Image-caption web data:

-- -- --

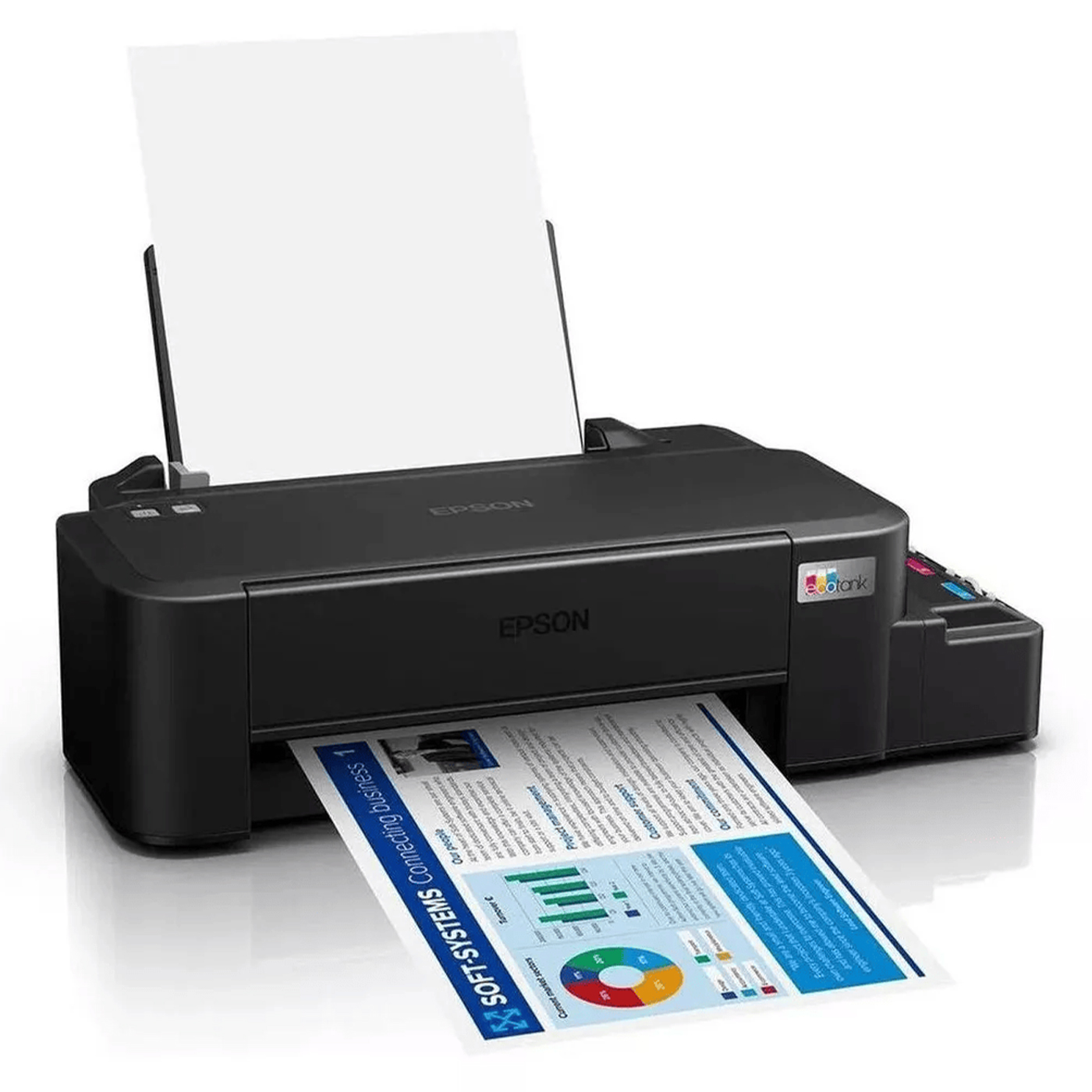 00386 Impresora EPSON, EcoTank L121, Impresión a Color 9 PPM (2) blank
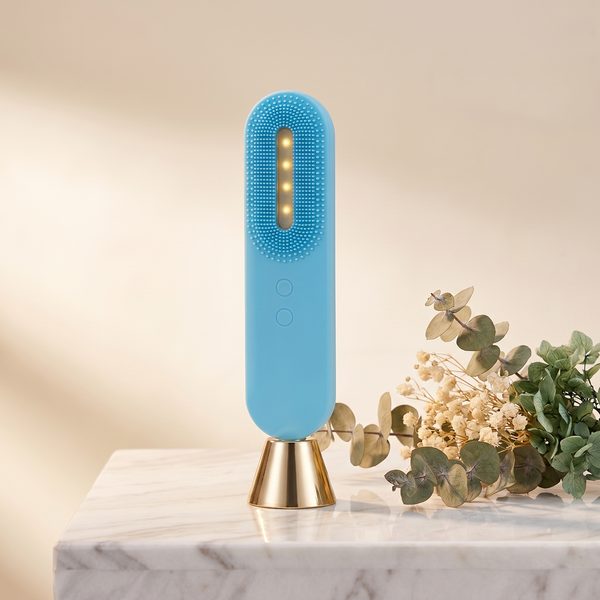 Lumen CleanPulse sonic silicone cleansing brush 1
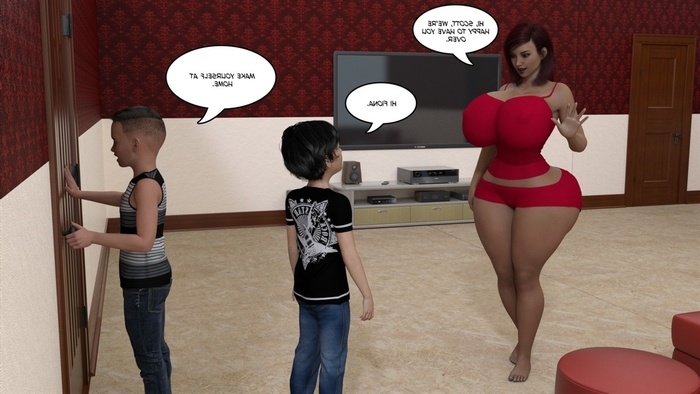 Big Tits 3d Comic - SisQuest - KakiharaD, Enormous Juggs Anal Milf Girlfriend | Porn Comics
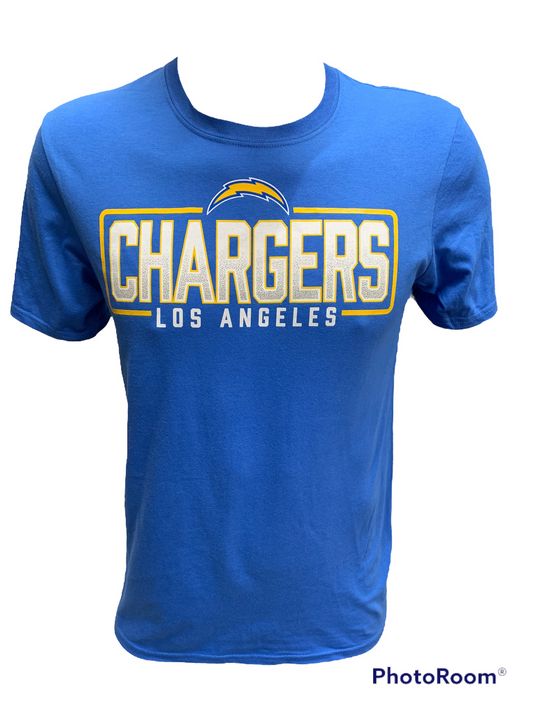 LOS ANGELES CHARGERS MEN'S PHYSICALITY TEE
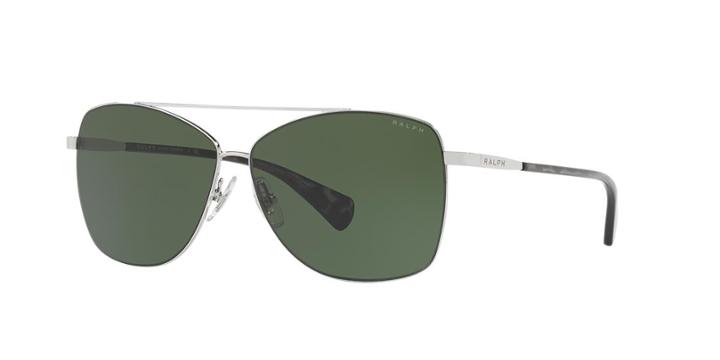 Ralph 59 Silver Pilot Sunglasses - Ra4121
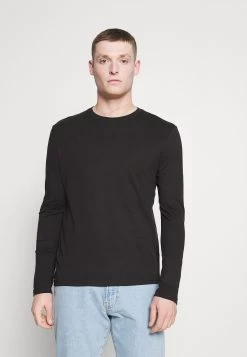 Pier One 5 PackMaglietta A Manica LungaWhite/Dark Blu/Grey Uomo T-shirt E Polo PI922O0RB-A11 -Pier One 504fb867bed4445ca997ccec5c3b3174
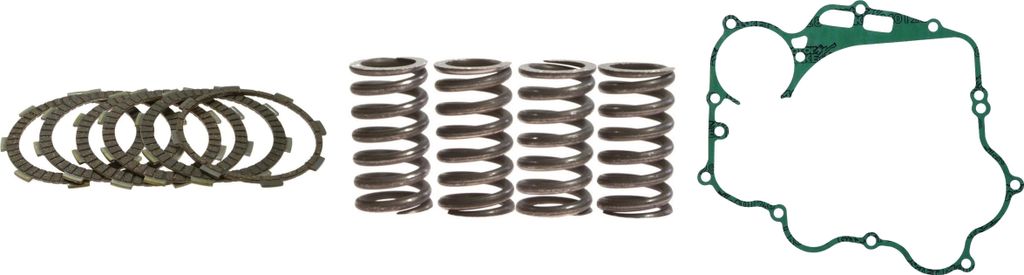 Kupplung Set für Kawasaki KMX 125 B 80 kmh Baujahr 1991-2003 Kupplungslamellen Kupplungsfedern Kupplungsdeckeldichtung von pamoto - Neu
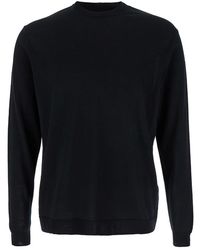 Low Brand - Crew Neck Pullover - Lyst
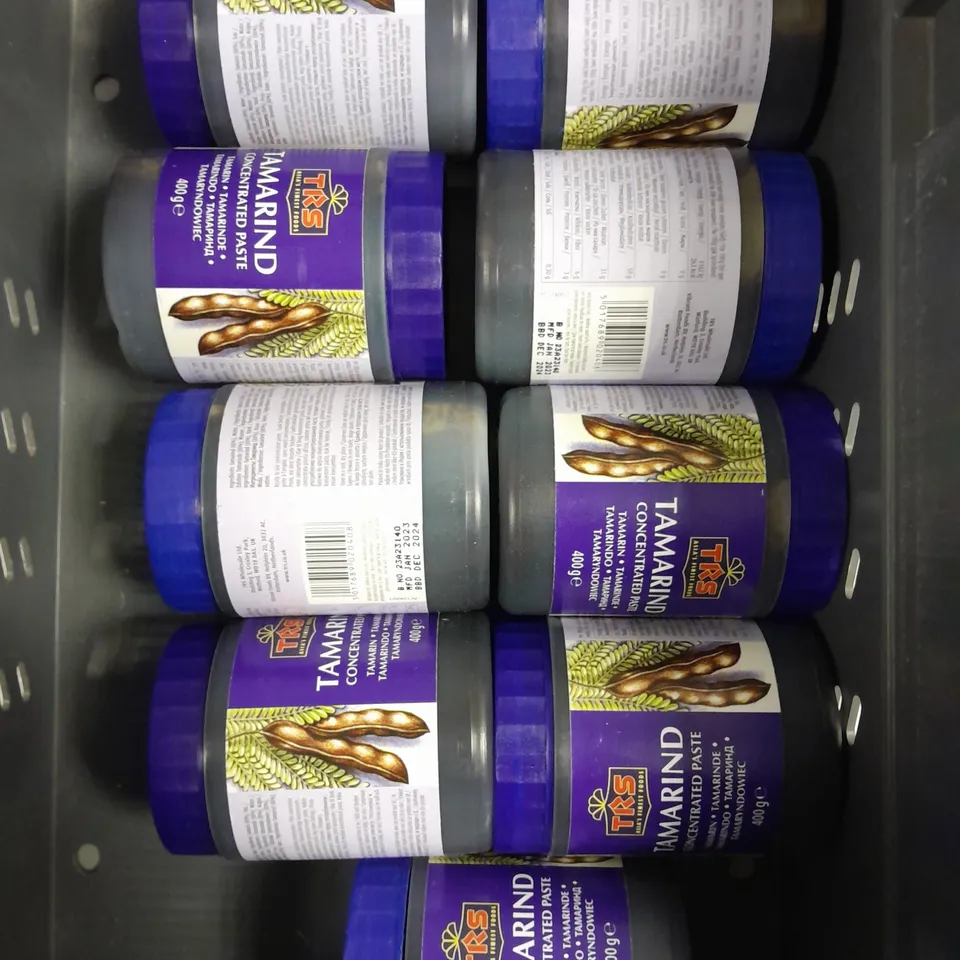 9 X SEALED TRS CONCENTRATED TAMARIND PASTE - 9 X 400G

-- -- --

WORK TASK –
The range to print runs from the line with "Kupplung Set für" through the last line of the entries, both included; keep it exact and skip the pictures.

RESPONSE BOX –
 Kupplung Set für Kawasaki KMX 125 B 80 kmh Baujahr 1991-2003 Kupplungslamellen Kupplungsfedern Kupplungsdeckeldichtung von pamoto - Neu
 Low Brand - Crew Neck Pullover - Lyst
 9 X SEALED TRS CONCENTRATED TAMARIND PASTE - 9 X 400G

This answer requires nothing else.